We have audited the accompanying financial statements of Ambica Agarbathies Aroma & Industries Limited
(the "Company"), which comprise the Balance Sheet as at 31 March 2024, the Statement of Profit and Loss (including Other Comprehensive Income), the Cash Flow Statement and the Statement of Changes in Equity for the year then ended, and notes to the financial statements, including a summary of significant accounting policies and other explanatory information (hereinafter referred to as the "financial statements").
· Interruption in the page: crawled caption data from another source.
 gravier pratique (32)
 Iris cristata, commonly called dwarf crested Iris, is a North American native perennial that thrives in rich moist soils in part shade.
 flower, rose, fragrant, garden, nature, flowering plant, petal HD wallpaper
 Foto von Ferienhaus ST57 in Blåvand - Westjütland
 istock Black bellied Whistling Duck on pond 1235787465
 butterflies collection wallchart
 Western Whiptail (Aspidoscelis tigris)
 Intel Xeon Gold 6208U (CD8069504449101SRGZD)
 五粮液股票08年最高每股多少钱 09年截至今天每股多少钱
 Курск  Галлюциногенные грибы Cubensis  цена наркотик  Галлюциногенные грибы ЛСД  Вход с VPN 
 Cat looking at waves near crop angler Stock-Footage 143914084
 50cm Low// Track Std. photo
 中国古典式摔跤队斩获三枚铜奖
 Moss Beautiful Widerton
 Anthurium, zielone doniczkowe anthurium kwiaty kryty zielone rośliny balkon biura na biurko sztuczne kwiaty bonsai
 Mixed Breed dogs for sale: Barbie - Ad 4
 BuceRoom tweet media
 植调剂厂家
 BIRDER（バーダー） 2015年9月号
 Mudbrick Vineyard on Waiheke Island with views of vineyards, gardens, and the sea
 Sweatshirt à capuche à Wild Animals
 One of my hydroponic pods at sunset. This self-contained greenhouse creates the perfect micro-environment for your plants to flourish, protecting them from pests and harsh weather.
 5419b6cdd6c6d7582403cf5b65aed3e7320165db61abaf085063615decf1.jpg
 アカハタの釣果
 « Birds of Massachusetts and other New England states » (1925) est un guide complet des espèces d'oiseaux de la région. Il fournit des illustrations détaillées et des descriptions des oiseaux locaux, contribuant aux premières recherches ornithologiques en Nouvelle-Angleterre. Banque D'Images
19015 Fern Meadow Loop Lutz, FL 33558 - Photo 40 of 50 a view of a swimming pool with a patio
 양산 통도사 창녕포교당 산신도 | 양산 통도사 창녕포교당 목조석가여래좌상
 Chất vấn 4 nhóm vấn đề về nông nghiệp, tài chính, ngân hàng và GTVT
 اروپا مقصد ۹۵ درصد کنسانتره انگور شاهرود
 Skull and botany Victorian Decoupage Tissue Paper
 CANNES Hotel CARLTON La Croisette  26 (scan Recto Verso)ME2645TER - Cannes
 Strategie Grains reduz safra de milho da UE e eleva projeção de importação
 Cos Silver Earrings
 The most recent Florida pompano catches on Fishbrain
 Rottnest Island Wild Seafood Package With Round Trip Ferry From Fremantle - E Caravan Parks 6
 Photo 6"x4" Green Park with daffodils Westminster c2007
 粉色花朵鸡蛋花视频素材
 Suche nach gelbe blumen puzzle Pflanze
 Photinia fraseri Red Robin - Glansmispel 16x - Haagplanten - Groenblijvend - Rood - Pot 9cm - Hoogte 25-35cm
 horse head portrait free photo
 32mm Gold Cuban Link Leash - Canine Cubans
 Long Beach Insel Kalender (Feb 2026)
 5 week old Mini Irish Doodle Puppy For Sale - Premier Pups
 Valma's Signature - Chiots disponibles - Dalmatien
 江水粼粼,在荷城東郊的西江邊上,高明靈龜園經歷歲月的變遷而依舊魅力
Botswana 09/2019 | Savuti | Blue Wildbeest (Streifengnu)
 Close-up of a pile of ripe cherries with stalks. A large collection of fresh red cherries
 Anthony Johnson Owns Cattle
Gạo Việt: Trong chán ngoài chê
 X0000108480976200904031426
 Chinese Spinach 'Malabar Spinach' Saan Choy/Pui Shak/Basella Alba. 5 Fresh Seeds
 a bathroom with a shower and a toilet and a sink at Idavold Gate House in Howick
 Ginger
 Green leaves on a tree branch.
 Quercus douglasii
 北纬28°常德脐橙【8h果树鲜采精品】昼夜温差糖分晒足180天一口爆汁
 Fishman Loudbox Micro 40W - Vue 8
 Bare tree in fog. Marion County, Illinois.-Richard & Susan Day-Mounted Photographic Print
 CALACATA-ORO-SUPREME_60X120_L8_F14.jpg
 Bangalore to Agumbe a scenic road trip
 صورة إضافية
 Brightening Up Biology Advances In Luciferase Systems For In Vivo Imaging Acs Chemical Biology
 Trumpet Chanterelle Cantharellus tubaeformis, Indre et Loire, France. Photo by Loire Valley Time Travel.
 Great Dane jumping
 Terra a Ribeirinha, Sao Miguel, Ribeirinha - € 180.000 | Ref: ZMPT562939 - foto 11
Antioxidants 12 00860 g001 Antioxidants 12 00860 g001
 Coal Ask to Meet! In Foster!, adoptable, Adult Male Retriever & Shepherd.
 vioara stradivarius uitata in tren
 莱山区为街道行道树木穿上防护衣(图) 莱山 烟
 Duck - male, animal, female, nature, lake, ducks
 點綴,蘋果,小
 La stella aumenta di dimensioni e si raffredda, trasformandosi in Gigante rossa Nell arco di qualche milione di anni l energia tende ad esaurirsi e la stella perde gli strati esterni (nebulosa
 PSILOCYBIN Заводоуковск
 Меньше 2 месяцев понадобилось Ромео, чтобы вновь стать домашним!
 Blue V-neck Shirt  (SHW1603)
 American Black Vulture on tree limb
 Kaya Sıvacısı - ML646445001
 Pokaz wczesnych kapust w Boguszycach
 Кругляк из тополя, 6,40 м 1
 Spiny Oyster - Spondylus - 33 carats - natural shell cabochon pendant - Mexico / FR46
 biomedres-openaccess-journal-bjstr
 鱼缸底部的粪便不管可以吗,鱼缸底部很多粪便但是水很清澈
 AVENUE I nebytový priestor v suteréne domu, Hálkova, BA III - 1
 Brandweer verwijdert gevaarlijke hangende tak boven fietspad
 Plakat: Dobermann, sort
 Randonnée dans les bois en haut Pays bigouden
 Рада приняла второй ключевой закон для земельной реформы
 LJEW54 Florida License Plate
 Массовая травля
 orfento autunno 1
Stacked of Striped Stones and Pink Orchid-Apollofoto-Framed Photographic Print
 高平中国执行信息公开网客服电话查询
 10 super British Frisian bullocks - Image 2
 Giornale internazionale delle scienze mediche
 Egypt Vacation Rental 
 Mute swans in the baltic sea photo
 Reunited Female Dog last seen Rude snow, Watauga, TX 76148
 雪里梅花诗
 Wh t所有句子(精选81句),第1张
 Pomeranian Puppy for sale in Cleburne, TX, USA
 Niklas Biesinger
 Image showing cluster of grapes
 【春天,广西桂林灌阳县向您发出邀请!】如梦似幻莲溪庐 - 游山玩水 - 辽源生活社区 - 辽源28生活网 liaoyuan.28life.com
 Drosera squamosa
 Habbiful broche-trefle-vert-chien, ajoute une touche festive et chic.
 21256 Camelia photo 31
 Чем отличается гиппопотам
In our opinion and to the best of our information and according to the explanations given to us, the aforesaid financial statements give the information required by the Companies Act, 2013, as amended (the "Act") in the manner so required and give a true and fair view in conformity with the accounting principles generally accepted in India, of the state of affairs of the Company as at 31 March 2024, its Loss including total other comprehensive Loss, its cash flows and the changes in equity for the year ended on that date.
Basis for Opinion
We conducted our audit of the financial statements in accordance with the Standards on Auditing ("SA"s) specified under section 143(10) of the Act. Our responsibilities under those Standards are further described in the “Auditor's Responsibilities for the Audit of the Financial Statements" section of our report. We are independent of the Company in accordance with the 'Code of Ethics' issued by the Institute of Chartered Accountants of India ("ICAI") together with the ethical requirements that are relevant to our audit of the financial statements under the provisions of the Act and the Rules made thereunder, and we have fulfilled our other ethical responsibilities in accordance with these requirements and the ICAI's Code of Ethics. We believe that the audit evidence obtained by us is sufficient and appropriate to provide a basis for our audit opinion on the financial statements.
Key Audit Matters
Key audit matters are those matters that, in our professional judgment, were of most significance in our audit of the financial statements for the financial year ended 31 March 2024. These matters were addressed in the context of our audit of the financial statements as a whole, and in forming our opinion thereon, and we do not provide a separate opinion on these matters. For each matter below, our description of how our audit addressed the matter is provided in that context.
We have determined the matters described below to be the key audit matters to be communicated in our report. We have fulfilled the responsibilities described in the Auditor's responsibilities for the audit of the financial statements section of our report, including in relation to these matters.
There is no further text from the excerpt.